• _Task prompt_
Could you repeat the listing below exactly while leaving its pictures behind?

• _Data provided_
::::

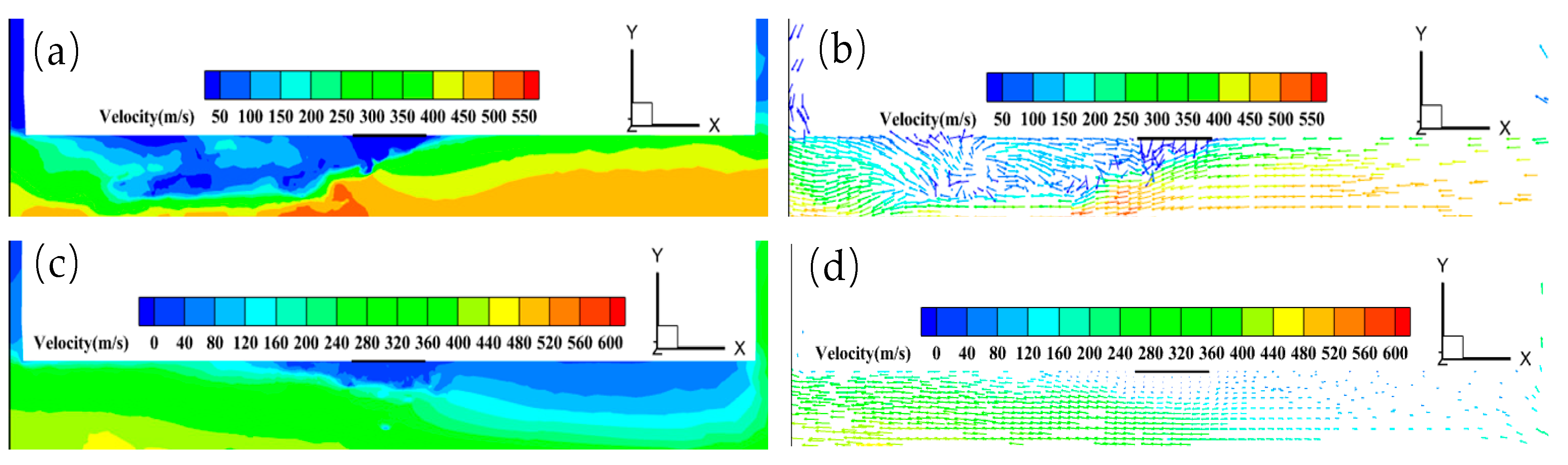 Processes 12 02246 g019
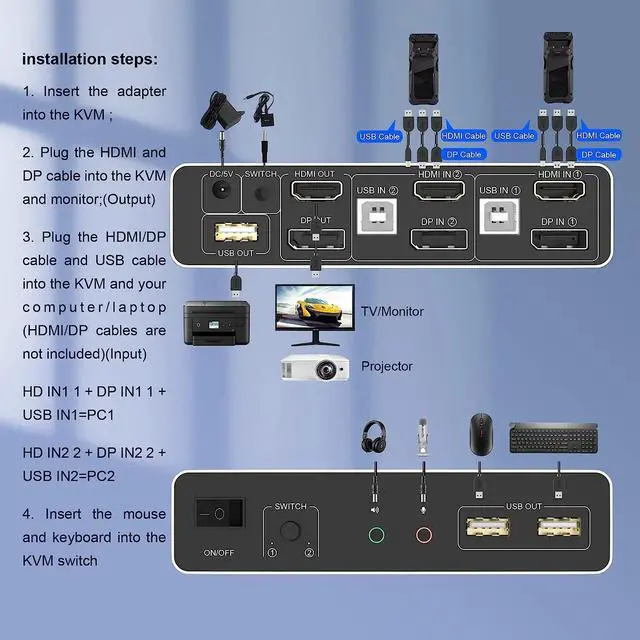 Alt view image 3 of 6 - Dual Monitor HDMI DisplayPort KVM Switch 2x2 4K 60Hz HDMI DP USB KVM Switch 2 in 2 out Extended Display for 2 PC Share 2 Monitor(with EU Plug)
(HDMI DP 2x2)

::::

• _Expected output_
 Processes 12 02246 g019
 Alt view image 3 of 6 - Dual Monitor HDMI DisplayPort KVM Switch 2x2 4K 60Hz HDMI DP USB KVM Switch 2 in 2 out Extended Display for 2 PC Share 2 Monitor(with EU Plug)
(HDMI DP 2x2)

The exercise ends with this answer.